|Women in Prescott left their mark with many businesses in the downtown area but were especially prominent in running dress stores and millinery shops. From the 1890s to the 1930s, at any given time there were four or five women running their own dress or millinery shops in the downtown area, bounded roughly by Cortez, Will, Gurley and Granite streets.
Region: North Central Arizona
Theme: Women at Work
|Mrs. W.H. Hunter, also known as Madame Hunter, had her own millinery (or hat)
shop at 134 N. Cortez Street. The only known Black woman entrepreneur in
Prescott at the time, she also provided beauty services -including manicures - and
sold dresses, ribbons, collars and mother-of-pearl buttons. Dora Rosenthal, a
German Jewish immigrant, widowed in her 20s and with two young children, ran her
own dress shop, stocking silks, notions, hats, umbrellas and coats at 226 W.
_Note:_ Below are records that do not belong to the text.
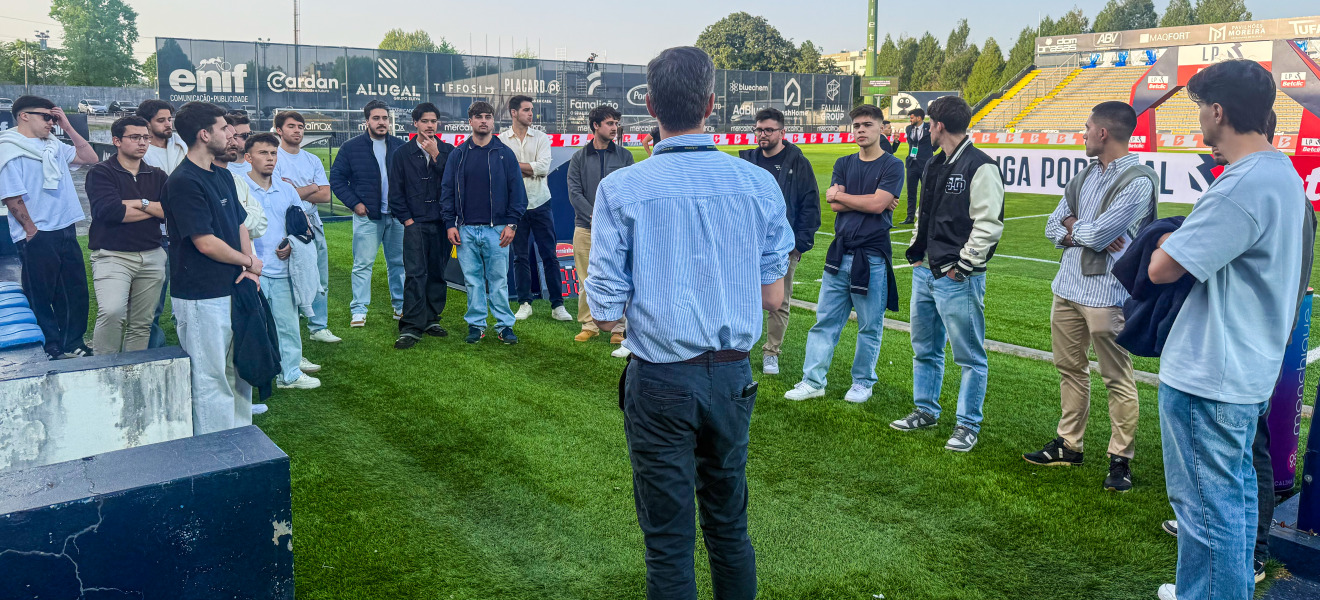 Curso de Scouting e Análise de Jogo visita Complexo Desportivo do FC Famalicão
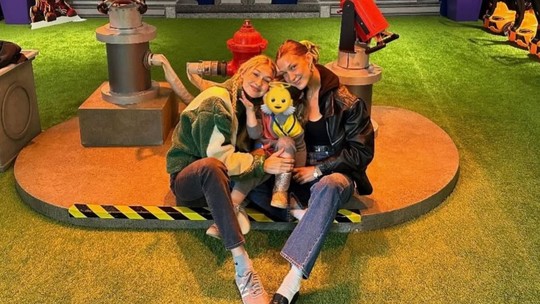 Bella Hadid resgata foto do nascimento de Gigi Hadid e comemora aniversário da irmã 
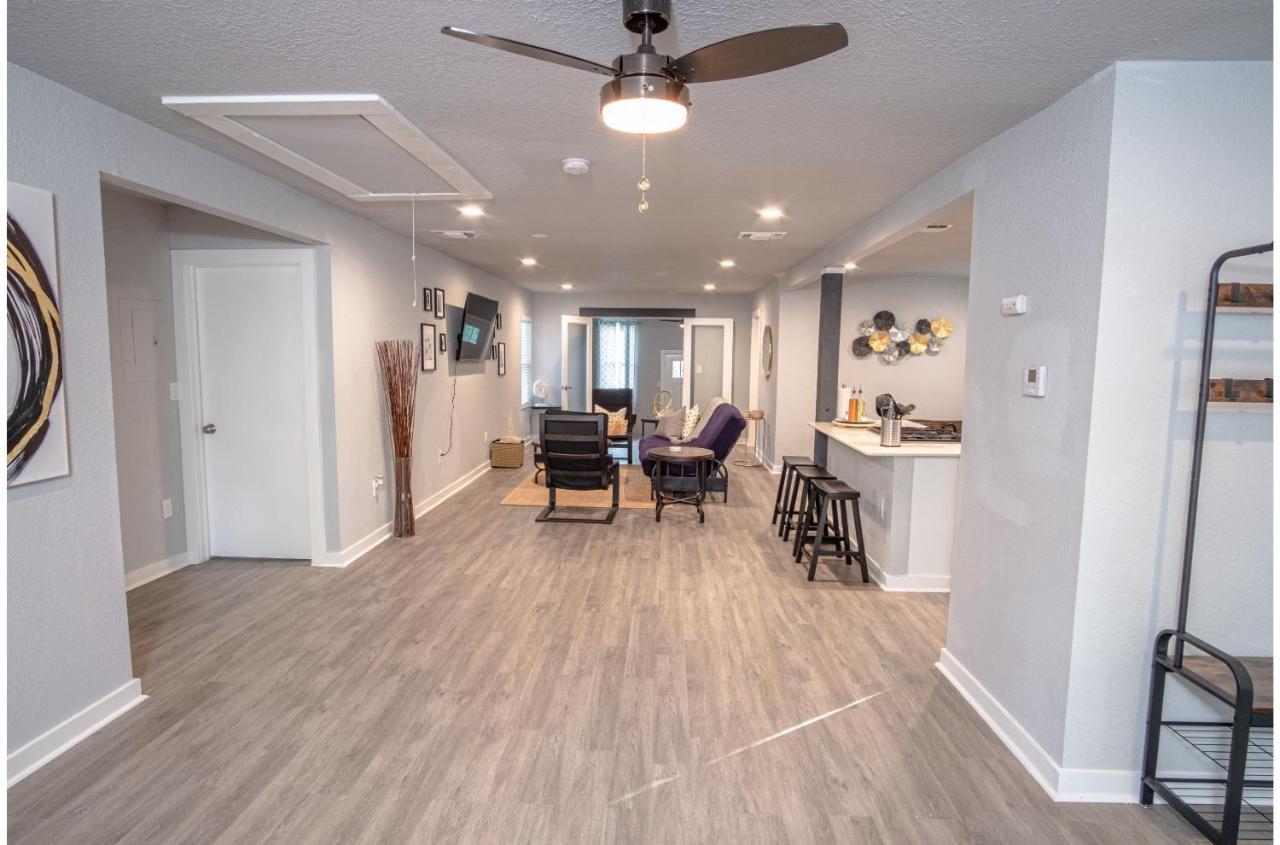 Stylish 4 Br2Ba Renovated Home Near Downtown San Antonio Bagian luar foto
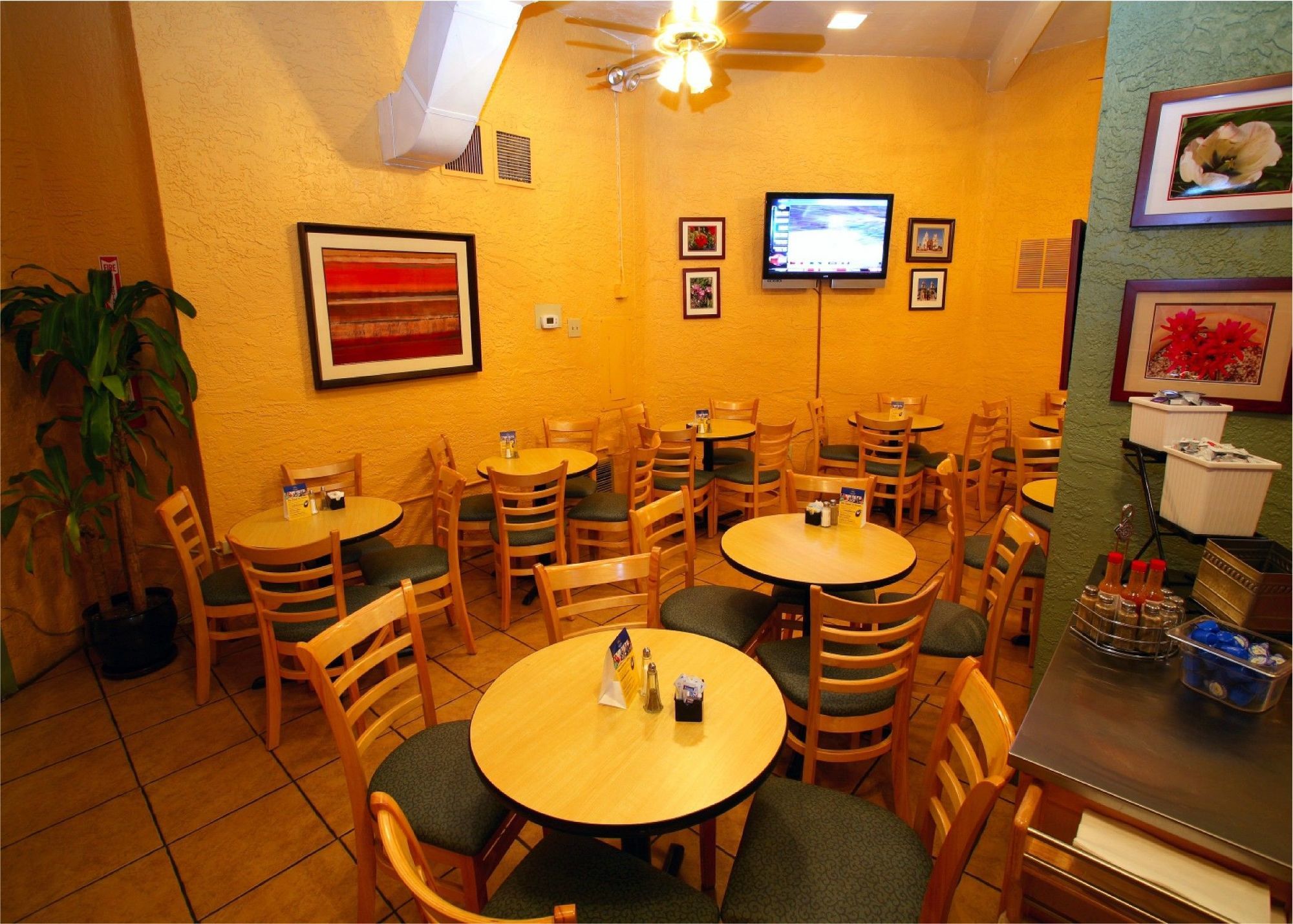 Best Western Innsuites Tucson Foothills Hotel & Suites Restoran gambar
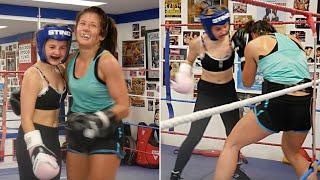WOW! - 13 YEAR OLD KELSEY HOPWOOD STEPS IN THE RING WITH WORLD CHAMPION NINA HUGHES
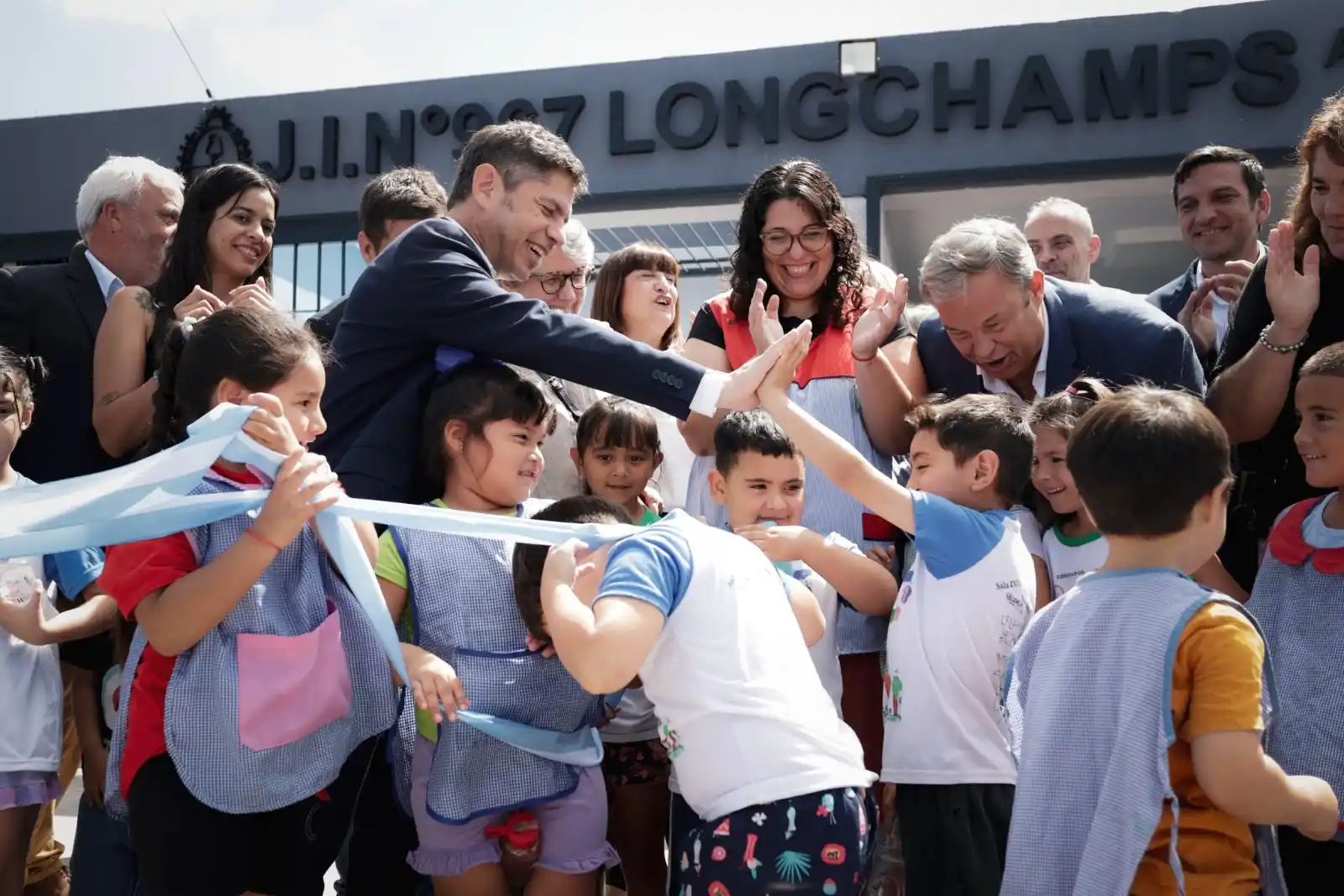 Kicillof inauguró un jardín de infantes y un nuevo edificio escolar en Almirante Brown con criticas al Gobierno Nacional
Gurley Street. Although women shopkeepers had a difficult time obtaining credit
or accumulating capital to open their own shops, these women overcame many
obstacles to run successful stores.
While clothes could be mass-produced, many women liked to personalize their
hats, and milliners like Agnes Todd, Annie Heine, Katie Bishop and Madame Hunter
all ran their own hat shops in the 1910s in Prescott. A proprietress had to
travel to business centers in the East and on the West Coast to buy her
merchandise - usually basic hats plus ribbons, plumes and other trimmings - and to
review the latest styles. Then she returned to her shop where she created
individually designed pieces for her clients. Hats could be updated with new
trimmings when styles changed, and other accessories, like lace collars, could
be purchased from milliners.
Married women had an easier time opening a shop because their husbands could
obtain credit. Mrs. Annie Heine was a partner with her husband in running the
Heine Hotel at 143 N. Cortez Street. This allowed her to open her own millinery shop
next to the hotel. Kitty Bishop was married to George Bishop who ran a
secondhand store downtown, and she opened up the West End Millinery Shop next
door to his shop in the 1910s. Neither Annie nor Kitty had any children which
allowed them to work long hours in their stores.